Limitations & Future Work¶
- Lack of generative capabilities: Cannot generate new details that do not exist in the source texture (e.g., if the source dog lacks a tongue, the target dog's tongue cannot be textured).
- Does not leverage text-to-image priors: Cannot compensate when semantic feature matching is ambiguous.
- Requires target shapes to be aligned with the source shape orientation; allowing arbitrary rotation degrades detail preservation.
- Cross-category transfer performance depends on the degree of semantic overlap.
- Future work could incorporate cross-attention to handle reference images, enabling image-based feed-forward texturing.
Related Work & Insights¶
- Unlike Texturify/AUV-net, which require large-scale datasets, TriTex only requires a single textured mesh.
- Similar to Splice, which utilizes DINO features for 2D color transfer, TriTex extends this to 3D semantic texture transfer.

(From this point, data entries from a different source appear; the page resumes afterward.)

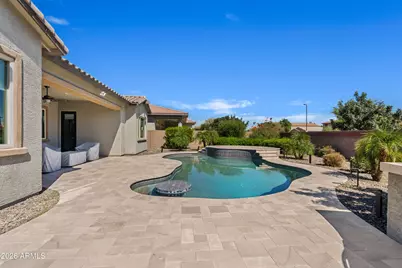 7711 S Barlow Drive, Gilbert, AZ 85298 - Photo 39
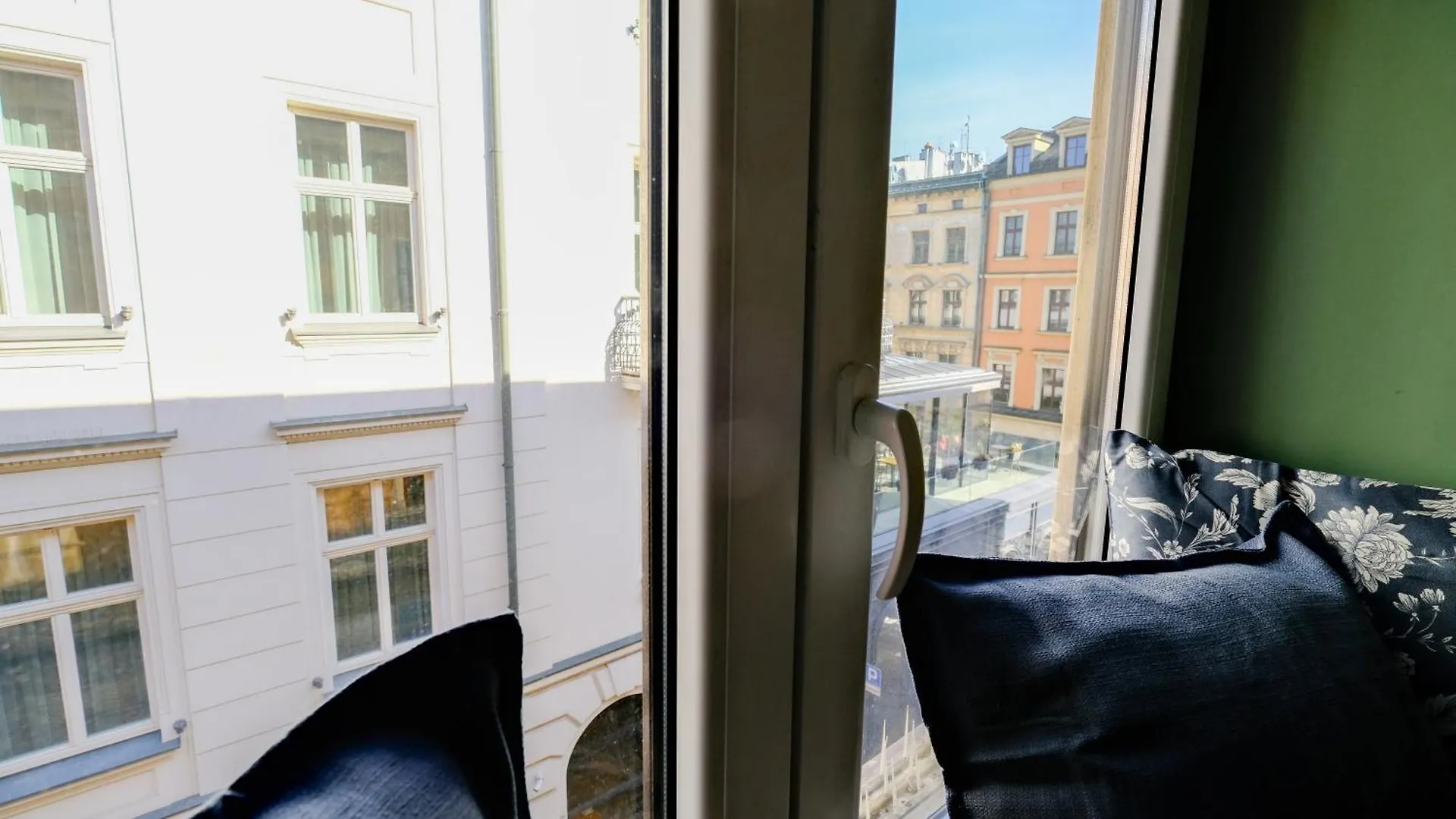 Vintage Apartments Florianska Street Krakow 0*,  Poland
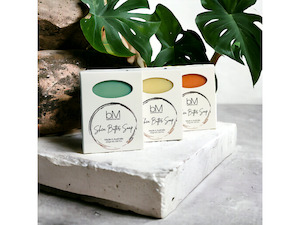 Hand Body Collection: Shea Butter Soap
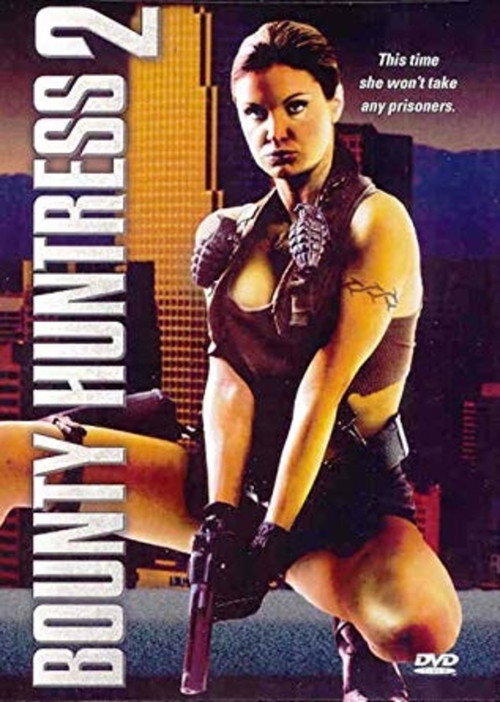 Sexual Temptations official trailer poster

- The cross-shape semantic consistency of Diff3F features is a critical foundation for the success of this method.
Rating¶
⭐⭐⭐⭐ — The method is simple yet highly efficient. The design that maps single-instance learning with triplane semantic mapping is ingenious. The experiments are thorough (both quantitative and user studies), demonstrating clear advantages in texture fidelity and speed.